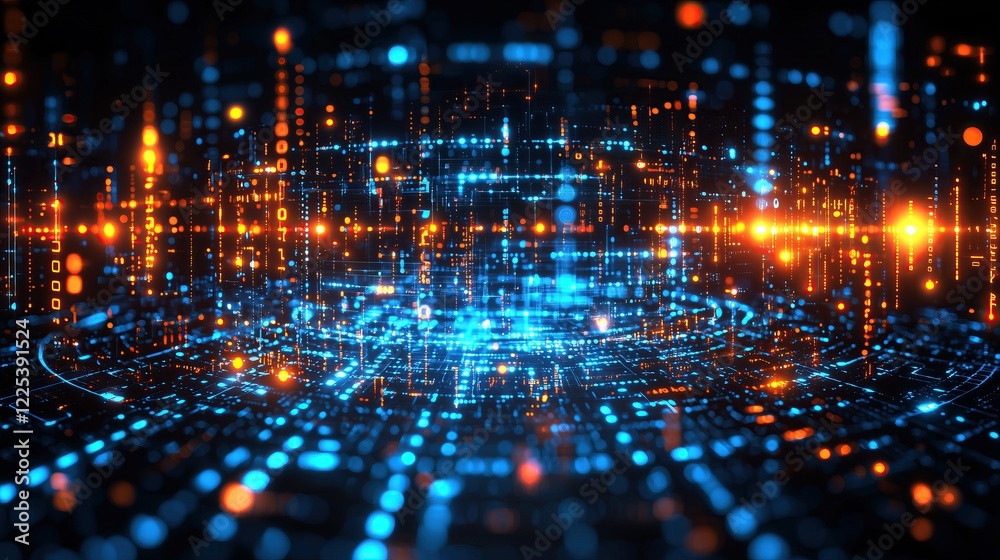 Poster Abstract digital landscape of glowing data streams and binary code forming complex network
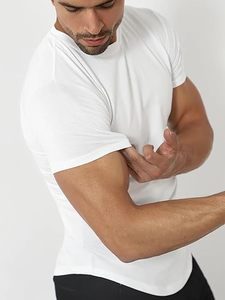 Men's <b>White</b> Cotton Short Sleeve T-Shirt Slim Fit O-Neck Casual <b>Plain</b> Jersey <b>Tee</b> Breathable Regular Length - Product Image 4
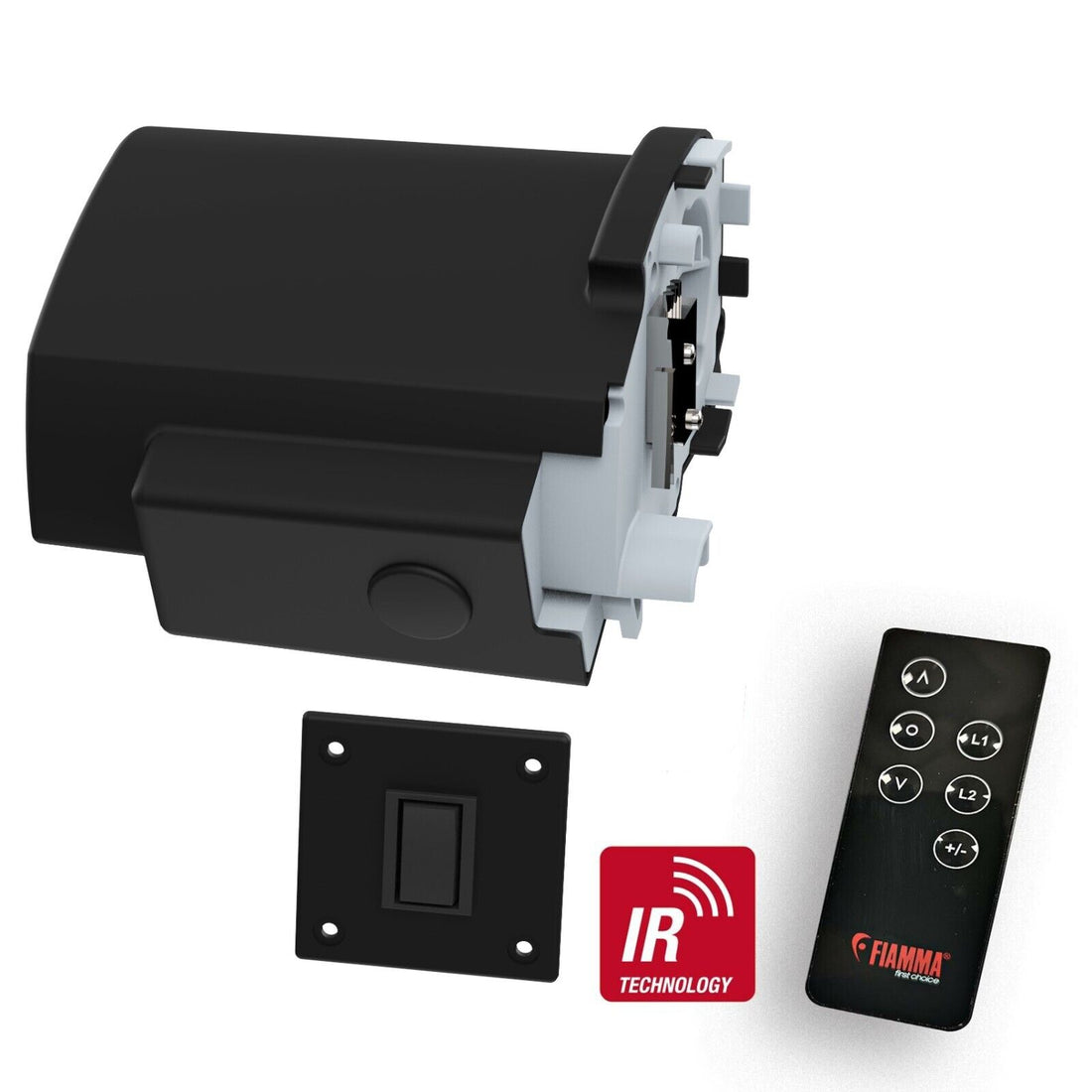 Fiamma F80S Motor Kit Plus with Remote Control (Black) 07929-02H - Poptop World 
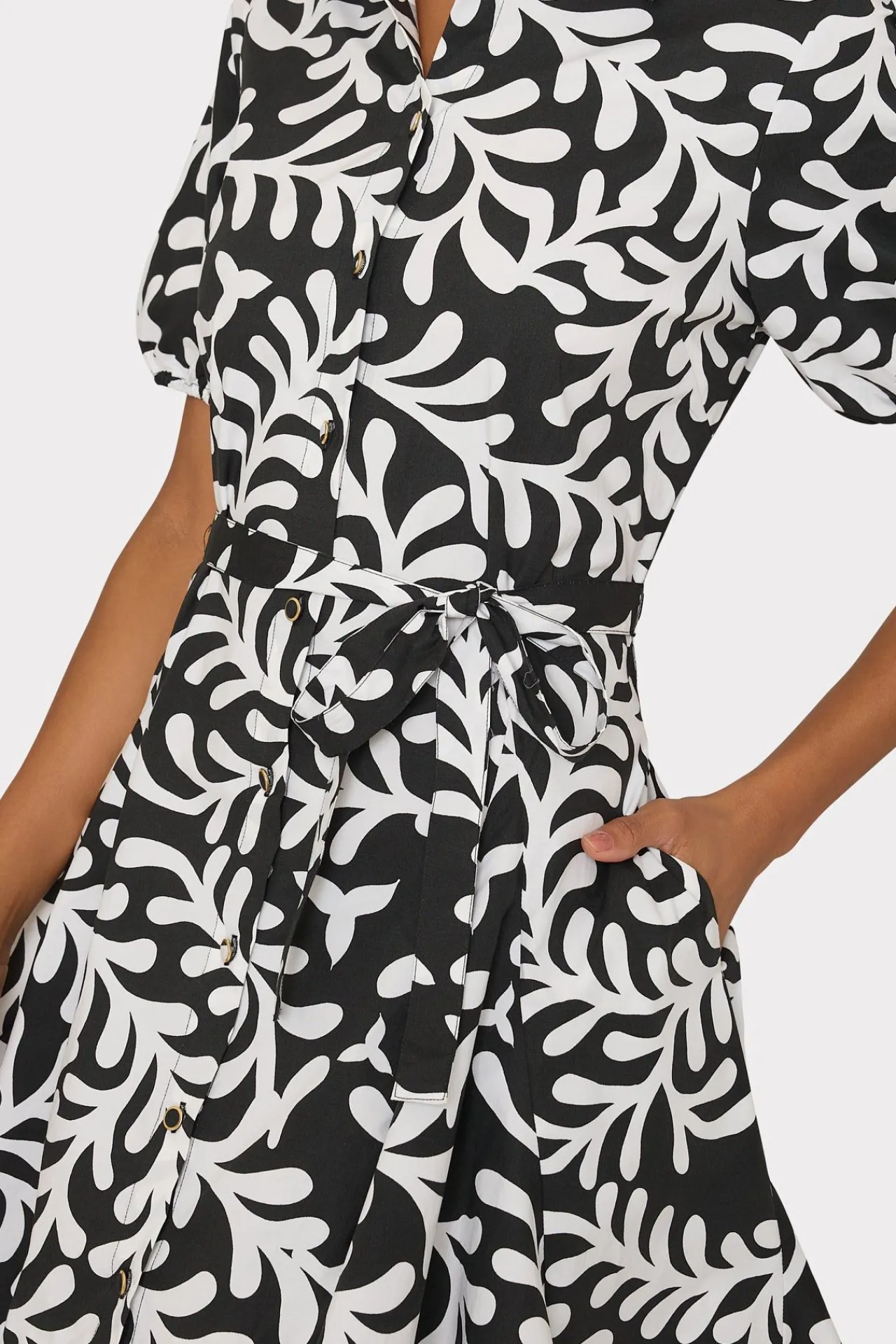 MILLY Mini Dresses-Spanish Vine Poplin Mini Dress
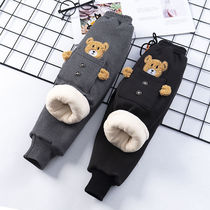 Baby cotton pants wear baby warm leggings winter small children autumn and winter thickened winter clothes girls velvet pants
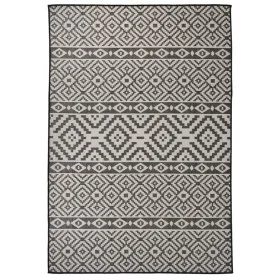 Alfombra de exterior de tejido plano rayas negras 160x230 cm de vidaXL, Alfombras - Ref: Foro24-340853, Precio: 59,62 €, Desc...
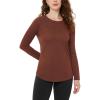 imageODODOS Womens Long Sleeve TShirts Graphene Ultralight Soft Breathable Side Slit Basic Yoga Workout Casual TopRust Red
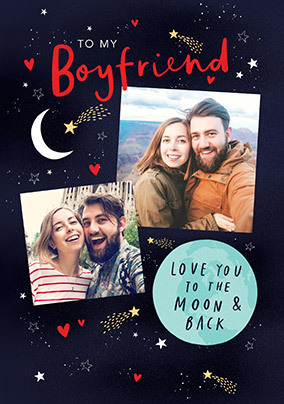 Paper Link Boyfriend Moon and Back Valentines Card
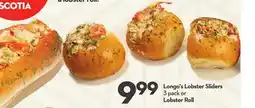 Longo's Lobster Sliders 3 pack or Lobster Roll offer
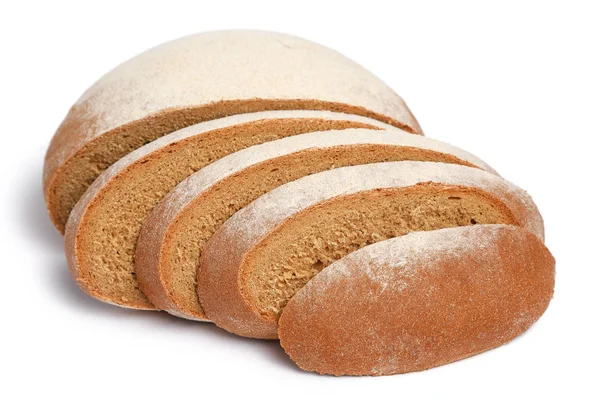 Vers Brood Gesneden Gedeeltelijk Witte Achtergrond — Stockfoto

____________________

Try it. Repeat each line of the material exactly, please, and skip every picture.

Written reply.
 Poster Abstract digital landscape of glowing data streams and binary code forming complex network
 Men's <b>White</b> Cotton Short Sleeve T-Shirt Slim Fit O-Neck Casual <b>Plain</b> Jersey <b>Tee</b> Breathable Regular Length - Product Image 4
 Fiamma F80S Motor Kit Plus with Remote Control (Black) 07929-02H - Poptop World 
 MILLY Mini Dresses-Spanish Vine Poplin Mini Dress
 Baby cotton pants wear baby warm leggings winter small children autumn and winter thickened winter clothes girls velvet pants
 Alfombra de exterior de tejido plano rayas negras 160x230 cm de vidaXL, Alfombras - Ref: Foro24-340853, Precio: 59,62 €, Desc...
 imageODODOS Womens Long Sleeve TShirts Graphene Ultralight Soft Breathable Side Slit Basic Yoga Workout Casual TopRust Red
 Paper Link Boyfriend Moon and Back Valentines Card
 Longo's Lobster Sliders 3 pack or Lobster Roll offer
 Vers Brood Gesneden Gedeeltelijk Witte Achtergrond — Stockfoto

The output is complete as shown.